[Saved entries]
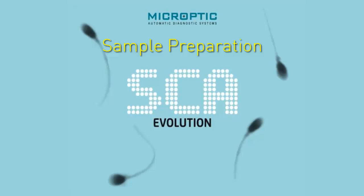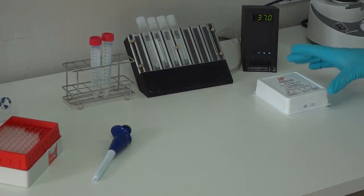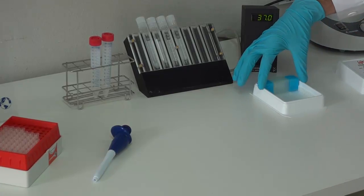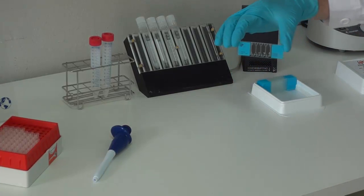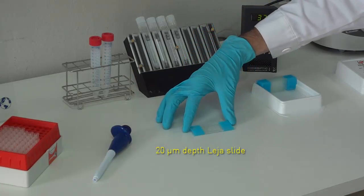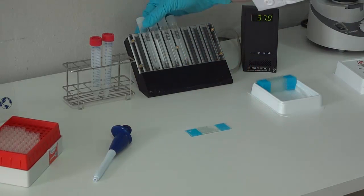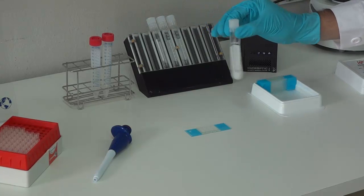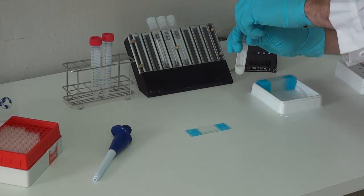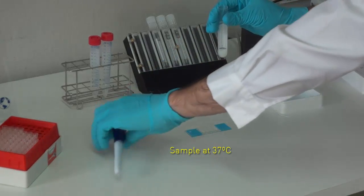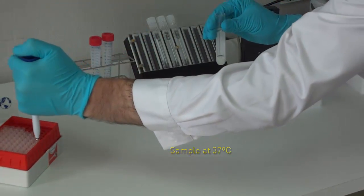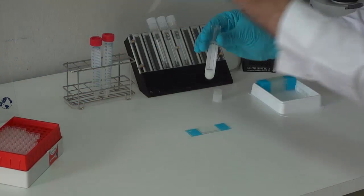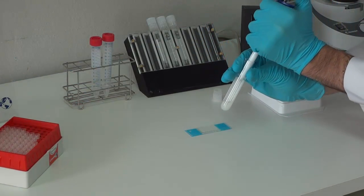Motility and concentration sample preparation. First step is to prepare a sample for motility and concentration analysis. Other disposable slides can be used. Take the sample at 37 degrees centigrade, mix gently, and pick 5 microliters using a positive displacement pipette.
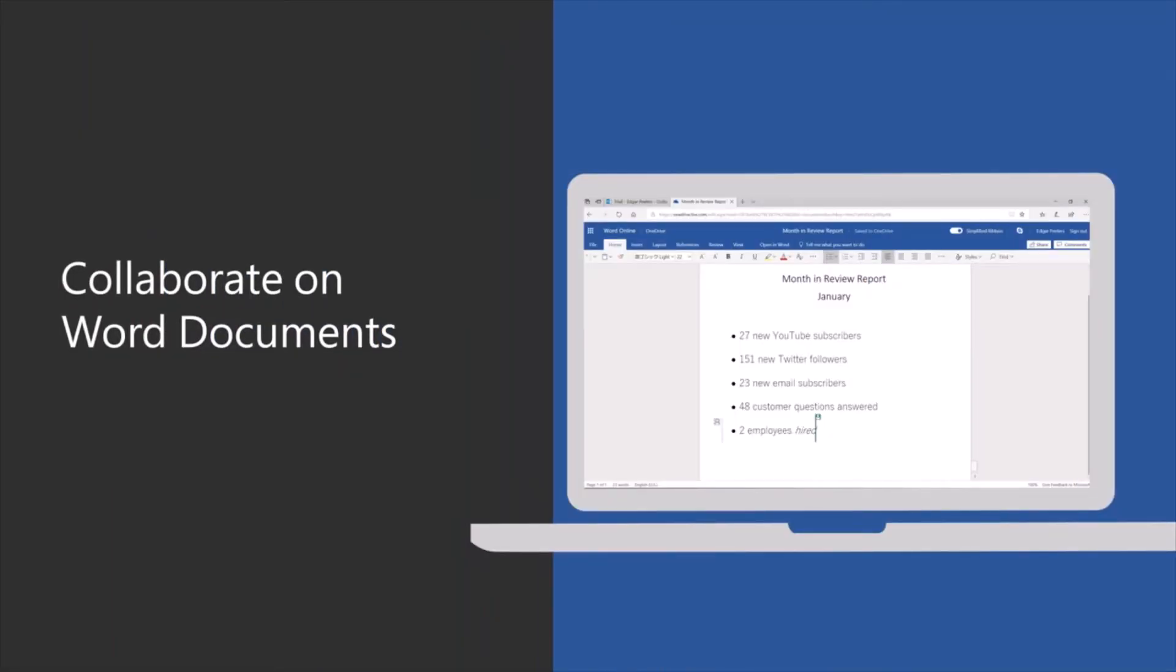Co-authoring in Word allows you to work on a document at the same time as someone else. This is great when you want to see the changes others are making in real time as they happen.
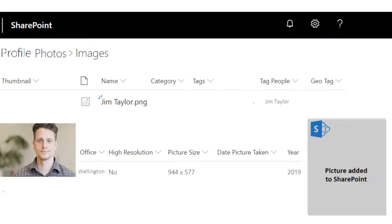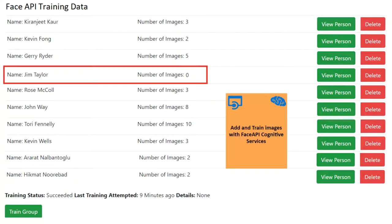Then it will do either of the following. First, SharePoint profile photos are analyzed and new figures are added to Face API's training data. Second, inference upon general SharePoint images is conducted using Face API's previously trained data, predicting the identity of figures.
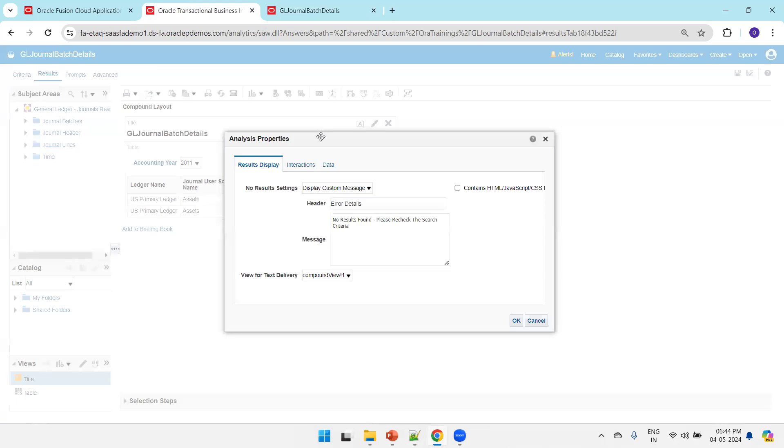So this is how we can customize the error message in OTBI. Thank you.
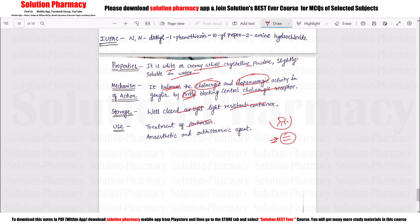Ethopropazine is used in the treatment of Parkinson's disease and has anesthetic and antihistaminic properties. Students, prepare these drugs according to your syllabus. I hope you understand this content. If you want these notes, please download our app Solution Pharmacy where notes are available. Thank you so much.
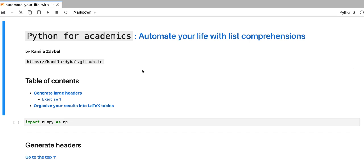Hello, welcome to Python for Academics. In this first batch of videos, we're going to use list comprehensions to automate a bunch of tasks that you might encounter in your academic life.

* [Brief]:
Each entry is to be returned precisely as it appears, but the pictures are to be dropped.

* [Output for this task]:
Motility and concentration sample preparation. First step is to prepare a sample for motility and concentration analysis. Other disposable slides can be used. Take the sample at 37 degrees centigrade, mix gently, and pick 5 microliters using a positive displacement pipette.
Co-authoring in Word allows you to work on a document at the same time as someone else. This is great when you want to see the changes others are making in real time as they happen.
Then it will do either of the following. First, SharePoint profile photos are analyzed and new figures are added to Face API's training data. Second, inference upon general SharePoint images is conducted using Face API's previously trained data, predicting the identity of figures.
So this is how we can customize the error message in OTBI. Thank you.
Ethopropazine is used in the treatment of Parkinson's disease and has anesthetic and antihistaminic properties. Students, prepare these drugs according to your syllabus. I hope you understand this content. If you want these notes, please download our app Solution Pharmacy where notes are available. Thank you so much.
Hello, welcome to Python for Academics. In this first batch of videos, we're going to use list comprehensions to automate a bunch of tasks that you might encounter in your academic life.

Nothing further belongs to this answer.